The Lucas Offers a Slice of Heaven in the South End

A few spacious condos remain at the Holy Trinity German Church.

the lucas

Courtesy Image

Boston’s luxury boom has wrought Seaport skyscrapers, East Boston behemoths, and shiny new downtown domiciles. Now for something completely different: elegant South End residences built inside a historical church.

The late-19th-century Holy Trinity German Church will soon become the Lucas, a 33-unit luxury condominium building slated to be complete in the spring of 2017.

“It’s beautiful and different from anything else in the city,” says Coldwell Banker’s Ricardo Rodriguez, the exclusive marketing agent for the property. “Most luxury construction has hundreds of units. Not much has been done at this kind of personal scale.”

The building has eight residential floors, with the bottom three housed in the church proper. Units on those floors sold rapidly, but a handful of four-bedroom homes remain on the market. These larger condos, which range from 2,500 to 3,500 square feet, are encased within a newly built steel-and-glass tower that offers decks and city views. The cost? Up to $3.4 million.

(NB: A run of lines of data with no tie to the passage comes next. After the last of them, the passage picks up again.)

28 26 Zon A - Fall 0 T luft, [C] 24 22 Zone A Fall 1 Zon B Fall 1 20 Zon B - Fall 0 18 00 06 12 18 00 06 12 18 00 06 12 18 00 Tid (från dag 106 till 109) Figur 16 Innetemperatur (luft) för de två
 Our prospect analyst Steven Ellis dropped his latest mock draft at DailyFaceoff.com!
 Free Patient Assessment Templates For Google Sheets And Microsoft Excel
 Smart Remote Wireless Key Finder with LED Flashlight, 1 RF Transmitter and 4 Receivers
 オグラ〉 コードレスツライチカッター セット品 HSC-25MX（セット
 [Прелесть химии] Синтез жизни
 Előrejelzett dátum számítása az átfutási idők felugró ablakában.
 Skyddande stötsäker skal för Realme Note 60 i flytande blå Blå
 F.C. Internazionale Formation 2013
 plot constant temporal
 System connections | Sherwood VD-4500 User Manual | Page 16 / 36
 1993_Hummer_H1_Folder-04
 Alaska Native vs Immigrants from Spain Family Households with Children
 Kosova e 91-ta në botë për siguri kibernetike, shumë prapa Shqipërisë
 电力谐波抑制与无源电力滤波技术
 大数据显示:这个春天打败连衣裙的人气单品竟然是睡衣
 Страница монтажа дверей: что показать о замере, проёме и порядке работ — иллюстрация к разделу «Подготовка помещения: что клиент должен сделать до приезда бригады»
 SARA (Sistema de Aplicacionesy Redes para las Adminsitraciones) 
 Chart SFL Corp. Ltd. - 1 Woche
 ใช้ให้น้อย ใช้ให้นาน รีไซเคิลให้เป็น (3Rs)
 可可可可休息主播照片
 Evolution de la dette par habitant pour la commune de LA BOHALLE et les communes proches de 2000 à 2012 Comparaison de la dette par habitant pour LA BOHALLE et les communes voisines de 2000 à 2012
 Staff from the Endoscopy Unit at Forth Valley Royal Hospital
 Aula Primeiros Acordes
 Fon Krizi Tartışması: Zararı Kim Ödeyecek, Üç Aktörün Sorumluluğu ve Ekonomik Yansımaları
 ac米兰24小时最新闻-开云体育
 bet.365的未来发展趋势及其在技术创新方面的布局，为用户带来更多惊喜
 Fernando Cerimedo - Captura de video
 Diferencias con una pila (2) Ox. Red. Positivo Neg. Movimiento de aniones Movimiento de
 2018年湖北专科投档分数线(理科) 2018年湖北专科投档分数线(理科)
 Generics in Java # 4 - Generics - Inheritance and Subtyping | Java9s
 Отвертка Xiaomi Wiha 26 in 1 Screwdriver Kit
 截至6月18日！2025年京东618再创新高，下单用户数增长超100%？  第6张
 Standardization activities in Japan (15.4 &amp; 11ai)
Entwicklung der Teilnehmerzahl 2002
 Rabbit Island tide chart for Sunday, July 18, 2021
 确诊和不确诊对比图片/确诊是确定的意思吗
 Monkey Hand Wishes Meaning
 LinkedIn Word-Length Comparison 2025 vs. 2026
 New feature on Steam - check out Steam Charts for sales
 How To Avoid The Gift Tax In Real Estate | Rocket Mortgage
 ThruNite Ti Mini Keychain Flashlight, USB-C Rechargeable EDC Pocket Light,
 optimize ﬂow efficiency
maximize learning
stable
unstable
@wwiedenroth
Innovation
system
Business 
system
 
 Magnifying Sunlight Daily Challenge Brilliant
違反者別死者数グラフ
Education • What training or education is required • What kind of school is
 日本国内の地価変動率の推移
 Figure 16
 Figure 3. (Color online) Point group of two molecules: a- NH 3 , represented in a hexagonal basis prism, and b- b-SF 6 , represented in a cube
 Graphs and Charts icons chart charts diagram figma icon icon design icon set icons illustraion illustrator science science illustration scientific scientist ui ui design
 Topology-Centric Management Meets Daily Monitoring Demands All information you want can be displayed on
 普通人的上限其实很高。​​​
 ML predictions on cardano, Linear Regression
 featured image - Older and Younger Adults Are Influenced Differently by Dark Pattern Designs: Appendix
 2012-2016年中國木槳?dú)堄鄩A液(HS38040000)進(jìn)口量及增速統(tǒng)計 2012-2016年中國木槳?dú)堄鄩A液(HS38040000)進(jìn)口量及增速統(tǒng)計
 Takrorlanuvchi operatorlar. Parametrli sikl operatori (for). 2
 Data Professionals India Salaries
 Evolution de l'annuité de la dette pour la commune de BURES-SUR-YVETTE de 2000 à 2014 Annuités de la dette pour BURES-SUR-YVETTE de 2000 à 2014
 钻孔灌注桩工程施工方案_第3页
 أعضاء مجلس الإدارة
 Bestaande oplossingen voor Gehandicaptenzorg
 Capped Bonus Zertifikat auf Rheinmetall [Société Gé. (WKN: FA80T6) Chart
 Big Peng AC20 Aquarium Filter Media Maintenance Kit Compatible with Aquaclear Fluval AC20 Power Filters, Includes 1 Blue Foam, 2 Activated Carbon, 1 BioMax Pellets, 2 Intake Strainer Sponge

Of course, the property has all the amenities a well-heeled city dweller might pray for: a concierge, a common courtyard with a fire pit, and a state-of-the-art gym. There’s also a pet spa with a large walk-in shower featuring handglazed subway tiles—a godsend for dog-loving urbanites. “I own a mastiff, and it’s almost impossible not to drown your house with water when or if you decide to bathe them in your bathroom,” says Lucas interior designer Alina Wolhardt, from Wolf in Sheep Design.

With the Back Bay, Chinatown, and the South End right at your doorstep, the location’s pretty dreamy, too—a holy trinity indeed.

136 Shawmut Ave., Boston, 617-796-6084, thelucasboston.com.

BY THE NUMBERS
The South End

1884
Year the first Mass was celebrated at Holy Trinity.

2008
Year Holy Trinity closed.

500,000
Pounds of clothes and shoes shipped overseas by Holy Trinity parishioners during World War II.

70%
Percentage of Catholics in eastern Massachusetts attending weekly Mass in 1970.

16%
Percentage attending weekly Mass in 2015.